Collections have a filtering API that allows to slice parts of data from
a collection. If the collection has not been loaded from the database yet,
the filtering API can work on the SQL level to make optimized access to
large collections.

.. code-block:: php

    <?php

    use Doctrine\Common\Collections\Criteria;

    $group          = $entityManager->find('Group', $groupId);
    $userCollection = $group->getUsers();

    $criteria = Criteria::create()
        ->where(Criteria::expr()->eq("birthday", "1982-02-17"))
        ->orderBy(array("username" => Criteria::ASC))
        ->setFirstResult(0)
        ->setMaxResults(20)
    ;

    $birthdayUsers = $userCollection->matching($criteria);

.. tip::

    You can move the access of slices of collections into dedicated methods of
    an entity. For example ``Group#getTodaysBirthdayUsers()``.

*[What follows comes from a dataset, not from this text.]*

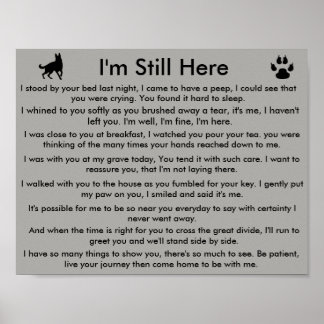 Pet-minne Poster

The Criteria has a limited matching language that works both on the
SQL and on the PHP collection level. This means you can use collection matching
interchangeably, independent of in-memory or sql-backed collections.

.. code-block:: php

    <?php

    use Doctrine\Common\Collections;

    class Criteria
    {
        /**
         * @return Criteria
         */
        static public function create();
        /**
         * @param Expression $where
         * @return Criteria
         */
        public function where(Expression $where);
        /**
         * @param Expression $where
         * @return Criteria
         */
        public function andWhere(Expression $where);
        /**
         * @param Expression $where
         * @return Criteria
         */
        public function orWhere(Expression $where);
        /**
         * @param array $orderings
         * @return Criteria
         */
        public function orderBy(array $orderings);
        /**
         * @param int $firstResult
         * @return Criteria
         */
        public function setFirstResult($firstResult);
        /**
         * @param int $maxResults
         * @return Criteria
         */
        public function setMaxResults($maxResults);
        public function getOrderings();
        public function getWhereExpression();
        public function getFirstResult();
        public function getMaxResults();
    }

You can build expressions through the ExpressionBuilder. It has the following
methods:

* ``andX($arg1, $arg2, ...)``
* ``orX($arg1, $arg2, ...)``
* ``eq($field, $value)``
* ``gt($field, $value)``
* ``lt($field, $value)``
* ``lte($field, $value)``
* ``gte($field, $value)``
* ``neq($field, $value)``
* ``isNull($field)``
* ``in($field, array $values)``
* ``notIn($field, array $values)``
* ``contains($field, $value)``


.. note::

    There is a limitation on the compatibility of Criteria comparisons.
    You have to use scalar values only as the value in a comparison or
    the behaviour between different backends is not the same.